Thursday, 11 July 2013

July Meeting: Oliver Macey Quintal by Vivien Edwards

Many thanks to Vivien Edwards who spoke at our July meeting. On seeing Oliver Macey Quintal listed as a Pitcairner on Norfolk Island she recognised the name. In 1878 he was a Tauranga barrister, at the inquiry of the ship Nellie, which hit Astrolabe Reef then foundered on Motiti Island. Soon after he was a passenger on the Taranaki wrecked on Karewa Island.

Finding Quintal’s name at Norfolk raised the question of how a Pitcairner, isolated from the rest of the world except for passing ships, could become a New Zealand barrister?

Macey (as he was called), was born in 1842 to William Quintal and Maria Christian. He was great grandson of both Matthew Quintal and Fletcher Christian. When the Pitcairners relocated to Norfolk Island in 1856 he was 14 years old.

Given to Bishop Selwyn by his family, Macey was to be trained for missionary work in the tropics, but instead he was articled to Outhwaites’ law firm.

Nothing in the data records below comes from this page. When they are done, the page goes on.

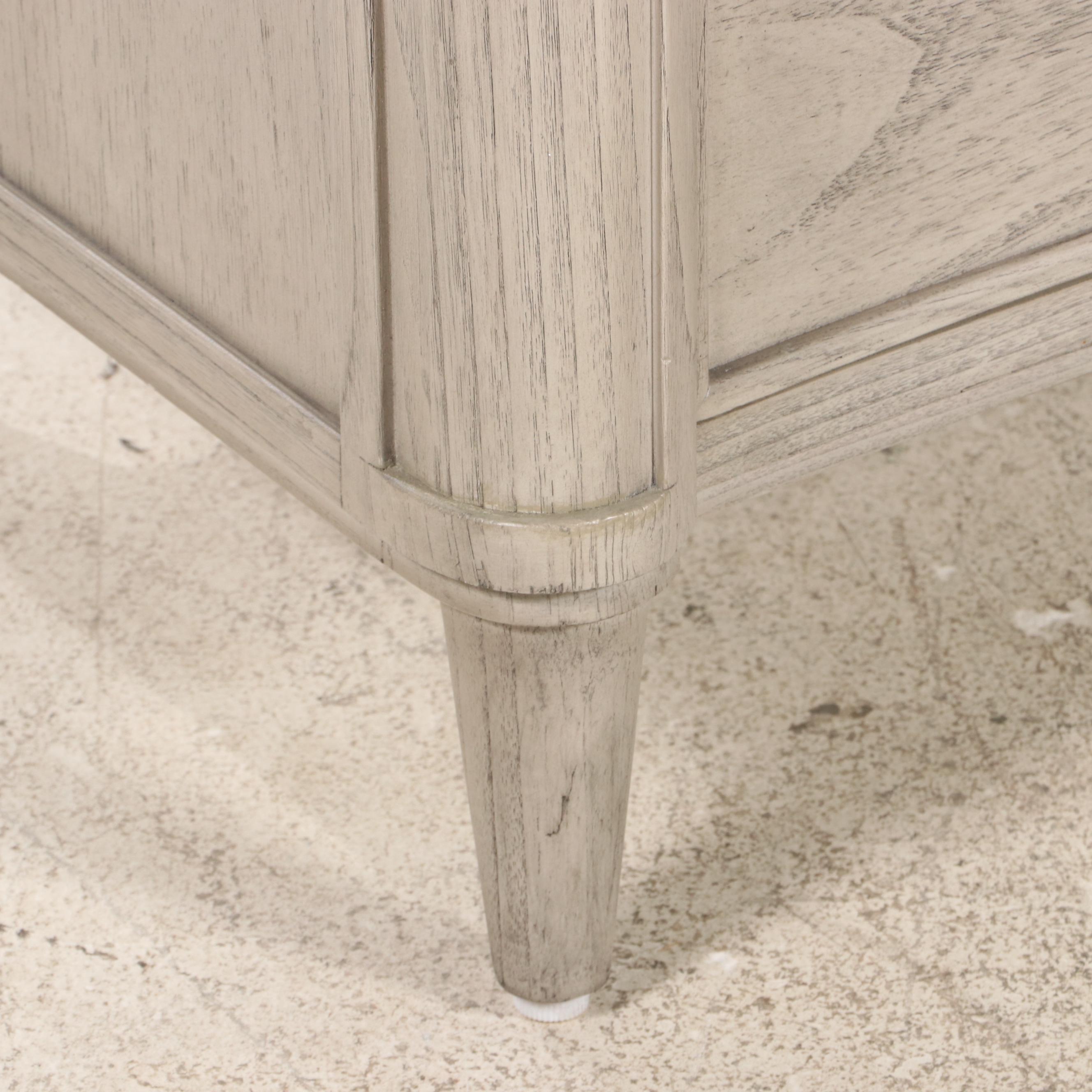 Pair of Arhaus "Henley" Nightstands, Contemporary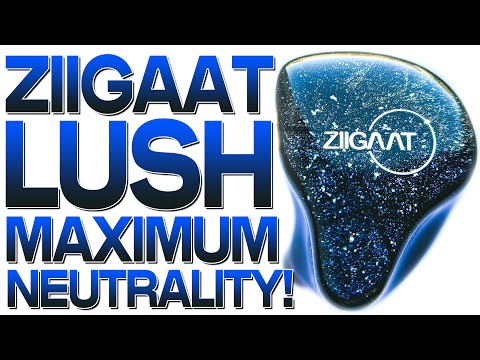 Видео: ZIIGAAT LUSH обзор наушников: Максимум нейтральности и теплоты!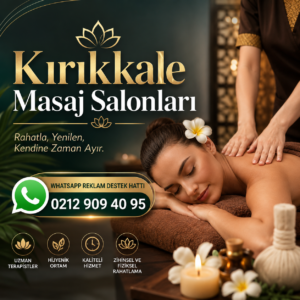 Kırıkkale Masaj Salonları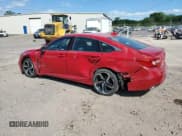 ✅ 2020 Honda Accord Sport • VIN: 1HGCV1F3XLA101603 • Lot: 57242335. Wystawiony na Copart z przebiegiem 59 847 mil. Bezpłatny archiwum sprzedaży aukcyjnych z USA i szczegółowy raport historii pojazdu na DreamBid. Zdjęcie 2.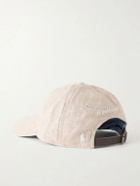 Polo Ralph Lauren - Wimbledon Logo-Embroidered Linen Baseball Cap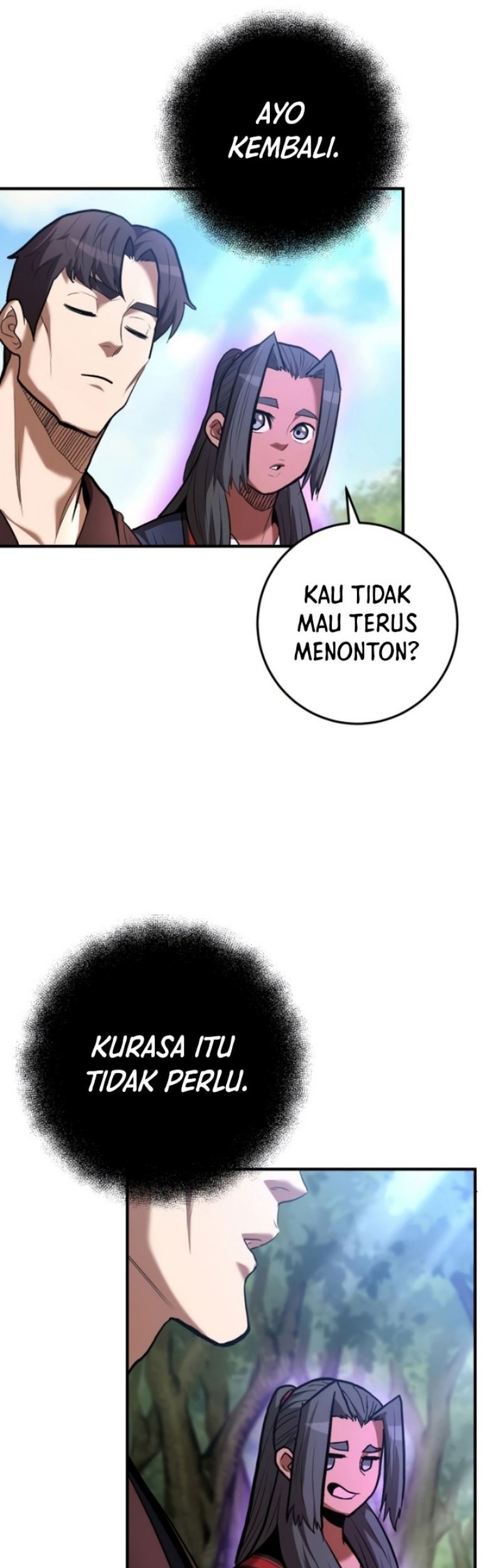 I Became a Renowned Family’s Sword Prodigy Chapter 59 Gambar 45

In 1868 he passed his examination for admission as a legal practitioner of the Supreme Court. In 1871 Quintal and Outhwaite handled the estate of Reverend Patteson, Bishop of Melanesia, after his murder in the Solomon Islands.

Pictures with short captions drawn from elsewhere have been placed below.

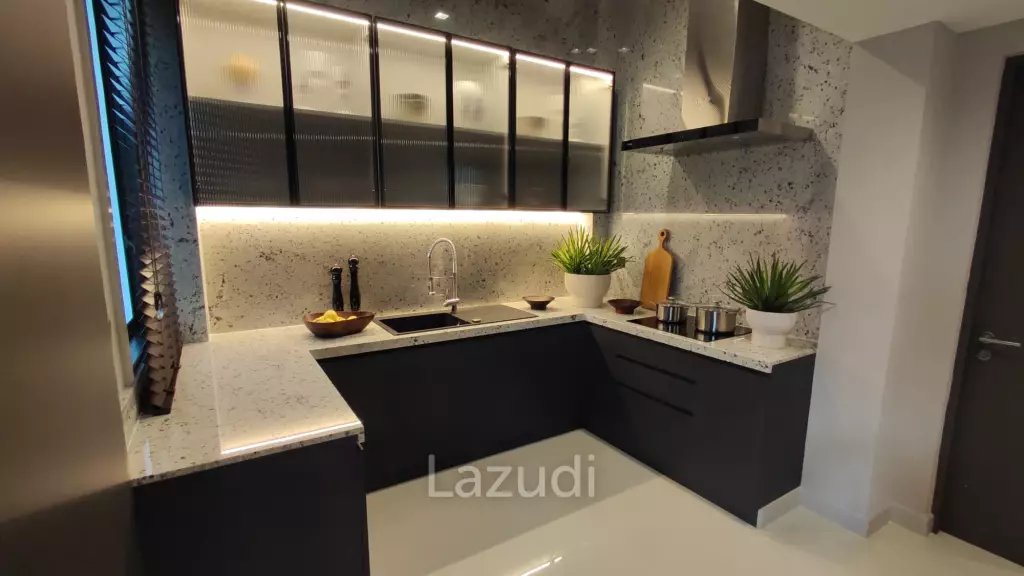 5 Bed 553 SQ.M. The Gentry Sukhumvit-Bangna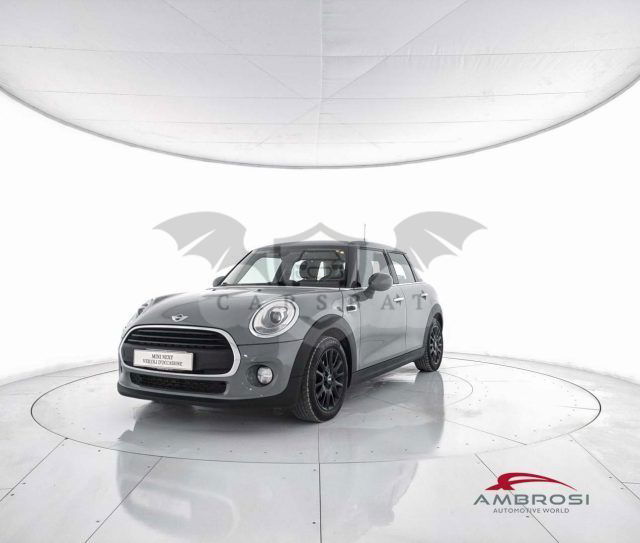 Mini One 2017
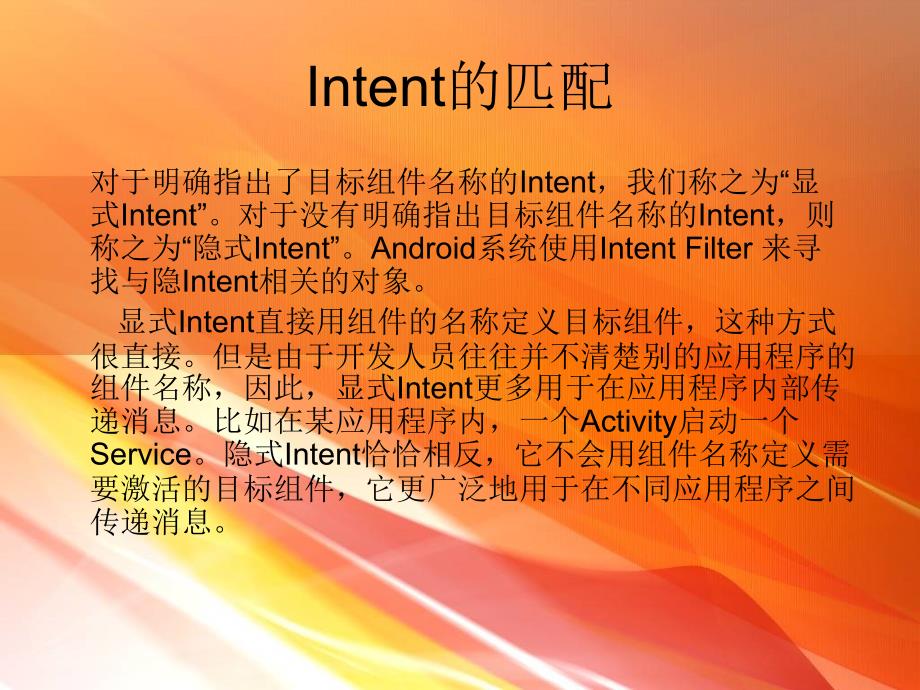 Android之Intent详解_第4页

Quintal played cricket and football. He participated in Auckland society, joining various committees, which included organising citizen’s balls for visiting Governors.

Bay of Plenty Times, 8 July 1876
He set up in Tauranga in 1876. Vesey Stewart’s first settlers were in Katikati. The Tauranga/ Taupo road was open; there was a regular steam service to Auckland on the Rowena, and the Staffa had started a service to Opotiki. Quintal practised with W.B. Hawkins in the old BNZ building in Harington Street, later shifting to McLean then Willow Streets.

Bay of Plenty Times, 1 August 1877
He played for Tauranga Cricket Club: was vestryman for Holy Trinity and secretary for the parishioners’ annual meeting; he served on committees for the 1879 Regatta, the Mechanics’ Institute, the Choral Society, and to form a brass band. He helped welcome the Governor and participated in deputations, promoting Tauranga’s interests to Ministers.

Bay of Plenty Times, 29 September 1877
His court cases included cushions and a sofa stuffed with flax instead of horse hair, and injury to a horse used to erect the Taupo telegraph line. He defended Mrs. Ogden, who strung washing across Anson Street and was hit with her clothes prop by a neighbor. He unsuccessfully defended Mrs. Anne Robertson whose ownership of Ohinemutu Lakes Hotel was challenged by Robert Graham after she purchased the lease from Isaac Wilson. Local Maori forcibly evicted her.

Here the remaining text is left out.